A peça mostrada nessa página é excepcional pois trata-se de uma das poucas folhas rabiscadas por Napoleão Bonaparte que sobreviveram à destruição e chegaram até nós. O imperador anotou na folha o nome de algumas sedes de bispados europeus das regiões que dominava e dos prelados que pretendia nomear para as diferentes funções.
Seu tio Joseph Fesch, irmão de sua mãe, era padre e fora elevado a cardeal pelo papa a pedido do sobrinho. O cardeal Fesch influia pesadamente na política religiosa de Napoleão, mas existia um entendimento tácito de que qualquer sugestão do imperador seria submetida ao Papa, que teria a última palavra. È bem sabido quão difíceis foram as relações entre o Papa Pio VII e o imperador Napoleão, que foi coroado por ele na França, mas o perseguiu mais tarde e chegou a prendê-lo.
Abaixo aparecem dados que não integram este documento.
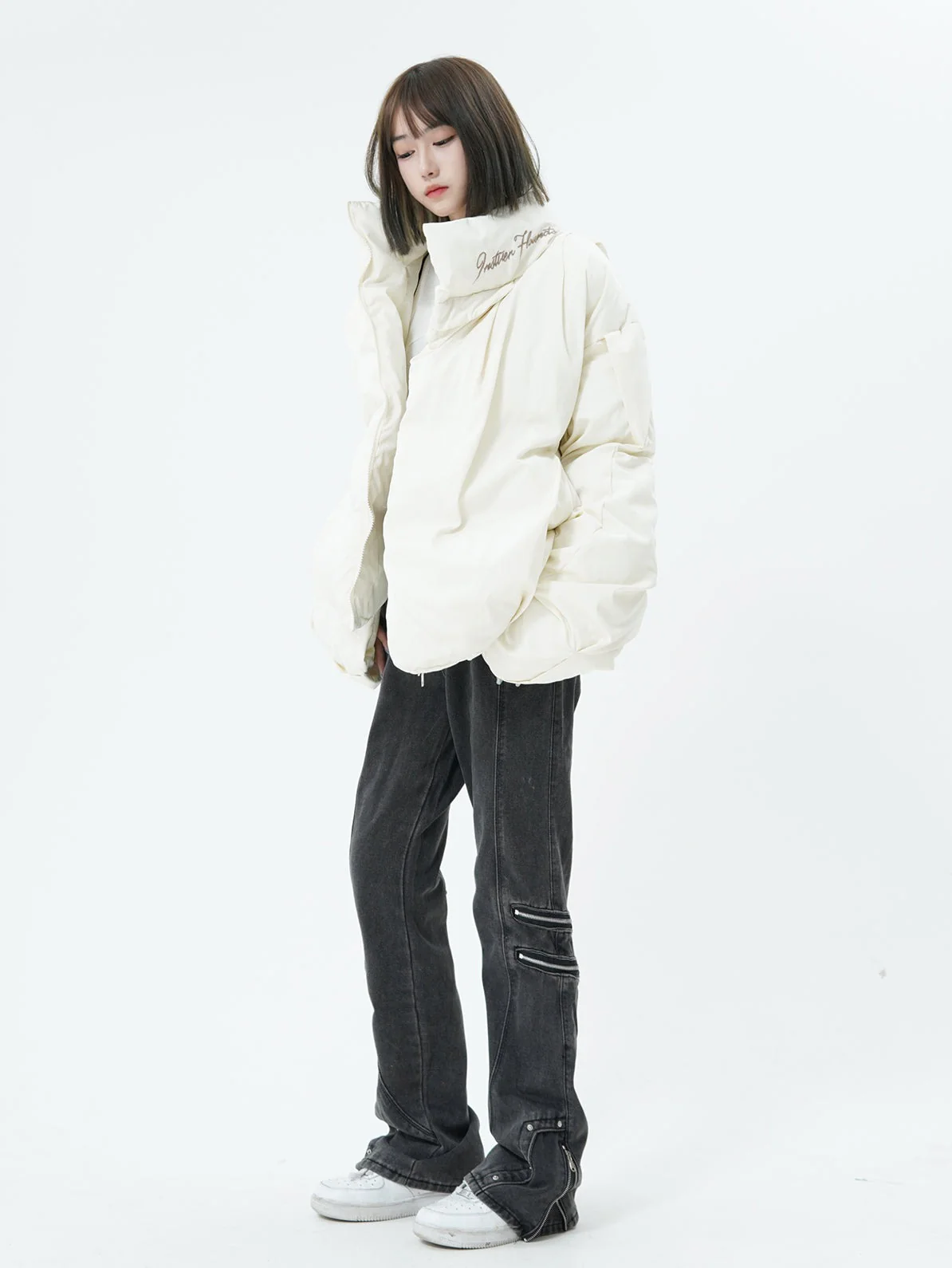 Multi Zip Button Hem Jeans - Image 11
Na folha e no verso mostrados nesta página, tudo indica que Napoleão, provavelmente entediado pela reunião de nomeação dos bispos, tenha desenhado o que parece ser os contornos de um forte, assunto muito mais próximo de suas preocupações que a política religiosa. No verso, o desenho num dos cantos segue o mesmo princípio.
Na verdade, tudo que dizia respeito ao poder que exercia era de sumo interesse para Napoleão. Mas é legítimo imaginar que, como todo ser humano, tivesse suas áreas de preferência. Neste caso, a presença dos rabiscos parece indicar que talvez as nomeações religiosas não fossem para Napoleão o assunto mais fascinante.
Esse documento, de extrema raridade, foi adquirido em Paris há alguns anos por seu atual detentor e faz parte de um reduzidíssimo grupo de rabiscos hoje conhecidos de autoria de Napoleão.